Record extracts below:
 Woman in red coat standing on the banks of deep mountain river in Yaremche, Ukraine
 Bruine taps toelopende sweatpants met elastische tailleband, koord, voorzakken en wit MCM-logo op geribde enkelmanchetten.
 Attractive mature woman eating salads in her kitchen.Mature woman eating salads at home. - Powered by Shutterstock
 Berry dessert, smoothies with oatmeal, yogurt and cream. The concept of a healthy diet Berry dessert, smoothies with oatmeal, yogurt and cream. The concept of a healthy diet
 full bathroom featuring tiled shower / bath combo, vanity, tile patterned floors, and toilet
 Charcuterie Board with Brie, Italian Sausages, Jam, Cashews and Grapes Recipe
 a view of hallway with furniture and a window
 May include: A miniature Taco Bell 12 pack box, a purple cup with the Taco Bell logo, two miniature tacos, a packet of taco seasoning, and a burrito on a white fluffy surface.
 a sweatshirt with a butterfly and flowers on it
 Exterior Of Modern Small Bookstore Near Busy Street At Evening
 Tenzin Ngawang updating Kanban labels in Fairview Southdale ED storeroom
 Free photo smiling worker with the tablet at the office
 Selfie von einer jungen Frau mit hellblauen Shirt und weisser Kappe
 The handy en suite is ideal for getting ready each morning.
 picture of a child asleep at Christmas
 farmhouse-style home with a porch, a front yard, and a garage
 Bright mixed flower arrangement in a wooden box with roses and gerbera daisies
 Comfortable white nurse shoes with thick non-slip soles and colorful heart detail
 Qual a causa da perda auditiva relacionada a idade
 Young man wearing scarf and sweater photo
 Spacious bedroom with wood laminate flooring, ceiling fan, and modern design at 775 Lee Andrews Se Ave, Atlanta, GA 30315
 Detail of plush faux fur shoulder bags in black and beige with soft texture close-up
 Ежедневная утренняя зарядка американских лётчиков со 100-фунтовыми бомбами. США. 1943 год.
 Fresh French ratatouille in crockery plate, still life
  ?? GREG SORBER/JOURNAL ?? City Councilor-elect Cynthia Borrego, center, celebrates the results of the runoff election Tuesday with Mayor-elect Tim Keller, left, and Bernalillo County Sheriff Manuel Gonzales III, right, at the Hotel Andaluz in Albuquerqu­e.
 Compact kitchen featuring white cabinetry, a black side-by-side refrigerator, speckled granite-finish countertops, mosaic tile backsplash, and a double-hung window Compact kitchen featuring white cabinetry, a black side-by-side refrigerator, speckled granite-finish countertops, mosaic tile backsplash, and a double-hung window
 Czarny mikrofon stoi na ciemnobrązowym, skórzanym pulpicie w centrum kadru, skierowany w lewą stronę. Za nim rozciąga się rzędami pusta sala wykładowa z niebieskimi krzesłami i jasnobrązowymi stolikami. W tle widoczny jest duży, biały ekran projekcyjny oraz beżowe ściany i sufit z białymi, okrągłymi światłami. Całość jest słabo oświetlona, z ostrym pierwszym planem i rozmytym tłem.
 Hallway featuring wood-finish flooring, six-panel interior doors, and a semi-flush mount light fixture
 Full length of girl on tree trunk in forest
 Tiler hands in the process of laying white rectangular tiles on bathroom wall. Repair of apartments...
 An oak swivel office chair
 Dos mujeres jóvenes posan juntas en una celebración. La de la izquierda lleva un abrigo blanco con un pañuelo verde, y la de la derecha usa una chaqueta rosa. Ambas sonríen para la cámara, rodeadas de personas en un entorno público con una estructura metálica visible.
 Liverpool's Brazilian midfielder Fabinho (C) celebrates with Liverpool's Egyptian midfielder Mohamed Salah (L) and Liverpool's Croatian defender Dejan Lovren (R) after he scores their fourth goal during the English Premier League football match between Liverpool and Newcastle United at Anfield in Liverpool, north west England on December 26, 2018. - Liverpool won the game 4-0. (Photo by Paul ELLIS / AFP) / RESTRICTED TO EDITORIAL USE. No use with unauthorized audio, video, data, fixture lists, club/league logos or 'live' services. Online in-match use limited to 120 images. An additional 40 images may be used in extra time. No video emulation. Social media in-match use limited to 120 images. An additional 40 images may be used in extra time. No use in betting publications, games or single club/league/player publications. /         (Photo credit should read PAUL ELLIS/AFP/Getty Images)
End of Record extracts.
Every piece of the data must be set down exactly. Omit nothing.

Answer area =
 Woman in red coat standing on the banks of deep mountain river in Yaremche, Ukraine
 Bruine taps toelopende sweatpants met elastische tailleband, koord, voorzakken en wit MCM-logo op geribde enkelmanchetten.
 Attractive mature woman eating salads in her kitchen.Mature woman eating salads at home. - Powered by Shutterstock
 Berry dessert, smoothies with oatmeal, yogurt and cream. The concept of a healthy diet Berry dessert, smoothies with oatmeal, yogurt and cream. The concept of a healthy diet
 full bathroom featuring tiled shower / bath combo, vanity, tile patterned floors, and toilet
 Charcuterie Board with Brie, Italian Sausages, Jam, Cashews and Grapes Recipe
 a view of hallway with furniture and a window
 May include: A miniature Taco Bell 12 pack box, a purple cup with the Taco Bell logo, two miniature tacos, a packet of taco seasoning, and a burrito on a white fluffy surface.
 a sweatshirt with a butterfly and flowers on it
 Exterior Of Modern Small Bookstore Near Busy Street At Evening
 Tenzin Ngawang updating Kanban labels in Fairview Southdale ED storeroom
 Free photo smiling worker with the tablet at the office
 Selfie von einer jungen Frau mit hellblauen Shirt und weisser Kappe
 The handy en suite is ideal for getting ready each morning.
 picture of a child asleep at Christmas
 farmhouse-style home with a porch, a front yard, and a garage
 Bright mixed flower arrangement in a wooden box with roses and gerbera daisies
 Comfortable white nurse shoes with thick non-slip soles and colorful heart detail
 Qual a causa da perda auditiva relacionada a idade
 Young man wearing scarf and sweater photo
 Spacious bedroom with wood laminate flooring, ceiling fan, and modern design at 775 Lee Andrews Se Ave, Atlanta, GA 30315
 Detail of plush faux fur shoulder bags in black and beige with soft texture close-up
 Ежедневная утренняя зарядка американских лётчиков со 100-фунтовыми бомбами. США. 1943 год.
 Fresh French ratatouille in crockery plate, still life
  ?? GREG SORBER/JOURNAL ?? City Councilor-elect Cynthia Borrego, center, celebrates the results of the runoff election Tuesday with Mayor-elect Tim Keller, left, and Bernalillo County Sheriff Manuel Gonzales III, right, at the Hotel Andaluz in Albuquerqu­e.
 Compact kitchen featuring white cabinetry, a black side-by-side refrigerator, speckled granite-finish countertops, mosaic tile backsplash, and a double-hung window Compact kitchen featuring white cabinetry, a black side-by-side refrigerator, speckled granite-finish countertops, mosaic tile backsplash, and a double-hung window
 Czarny mikrofon stoi na ciemnobrązowym, skórzanym pulpicie w centrum kadru, skierowany w lewą stronę. Za nim rozciąga się rzędami pusta sala wykładowa z niebieskimi krzesłami i jasnobrązowymi stolikami. W tle widoczny jest duży, biały ekran projekcyjny oraz beżowe ściany i sufit z białymi, okrągłymi światłami. Całość jest słabo oświetlona, z ostrym pierwszym planem i rozmytym tłem.
 Hallway featuring wood-finish flooring, six-panel interior doors, and a semi-flush mount light fixture
 Full length of girl on tree trunk in forest
 Tiler hands in the process of laying white rectangular tiles on bathroom wall. Repair of apartments...
 An oak swivel office chair
 Dos mujeres jóvenes posan juntas en una celebración. La de la izquierda lleva un abrigo blanco con un pañuelo verde, y la de la derecha usa una chaqueta rosa. Ambas sonríen para la cámara, rodeadas de personas en un entorno público con una estructura metálica visible.
 Liverpool's Brazilian midfielder Fabinho (C) celebrates with Liverpool's Egyptian midfielder Mohamed Salah (L) and Liverpool's Croatian defender Dejan Lovren (R) after he scores their fourth goal during the English Premier League football match between Liverpool and Newcastle United at Anfield in Liverpool, north west England on December 26, 2018. - Liverpool won the game 4-0. (Photo by Paul ELLIS / AFP) / RESTRICTED TO EDITORIAL USE. No use with unauthorized audio, video, data, fixture lists, club/league logos or 'live' services. Online in-match use limited to 120 images. An additional 40 images may be used in extra time. No video emulation. Social media in-match use limited to 120 images. An additional 40 images may be used in extra time. No use in betting publications, games or single club/league/player publications. /         (Photo credit should read PAUL ELLIS/AFP/Getty Images)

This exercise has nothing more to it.